“There has been no announcement from the company or the trustee regarding the coupon payments due November 6… after the grace periods lapsed,” Fitch said Thursday. “In addition, the company did not respond to our request for confirmation on the coupon payments. We are therefore assuming they were not paid.”
And just like that, Evergrande was declared in default.
It felt somehow anticlimactic. In September, markets recoiled at the very mention of it, fearing a disorderly wind down and a fraught restructuring complicated by ambiguity about the capital structure and the unknowable preferences of Chinese authorities. Retail investors needed to be paid and unfinished projects needed tending. After all, the only thing the Party has less tolerance for than COVID is social unrest. And then there was the prospect of contagion.
To be sure, there was contagion. Beijing’s property curbs exacerbated the situation materially. And yet, Evergrande bought time — despite having no money, as I was fond of putting it.
At the apparent direction of the Party, Hui Ka Yan dipped into his personal wealth to prop up the company. Late last month, he slashed his stake in Evergrande for the first time since it went public more than a decade ago. Over seven months, he spent $1 billion shoring up the world’s most indebted developer which, as a reminder, has liabilities totaling some $300 billion (figure below).
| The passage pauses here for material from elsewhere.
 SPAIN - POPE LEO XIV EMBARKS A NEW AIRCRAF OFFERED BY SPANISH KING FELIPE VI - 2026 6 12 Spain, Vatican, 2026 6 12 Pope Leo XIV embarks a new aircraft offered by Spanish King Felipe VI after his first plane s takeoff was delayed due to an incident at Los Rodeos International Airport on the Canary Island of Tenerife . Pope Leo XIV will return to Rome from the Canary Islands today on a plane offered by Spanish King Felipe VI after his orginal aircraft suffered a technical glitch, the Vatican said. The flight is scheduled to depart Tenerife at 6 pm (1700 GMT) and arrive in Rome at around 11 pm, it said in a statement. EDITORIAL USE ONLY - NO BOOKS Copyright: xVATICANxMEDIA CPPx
On Thursday, FT suggested Hui is resisting pressure to raise more cash through the haphazard disposal of the firm’s best assets, including land and redevelopment projects. He wants a good price, sources said.
Hui’s net worth plunged by $17 billion, or 73%, in 2021.
Fitch’s downgrade could trigger cross-defaults on nearly $20 billion in dollar debt. At issue were coupon payments on two Tianji bonds (red in the figure, below). The grace period lapsed earlier this week.
Tianji is a restricted subsidiary. Non-payment is an event of default. “As a result, Tianji and Evergrande’s other US dollar notes will become due immediately and payable if the bond trustee or holders of at least 25% in aggregate principal amount of the offshore notes declare so,” Fitch said Thursday.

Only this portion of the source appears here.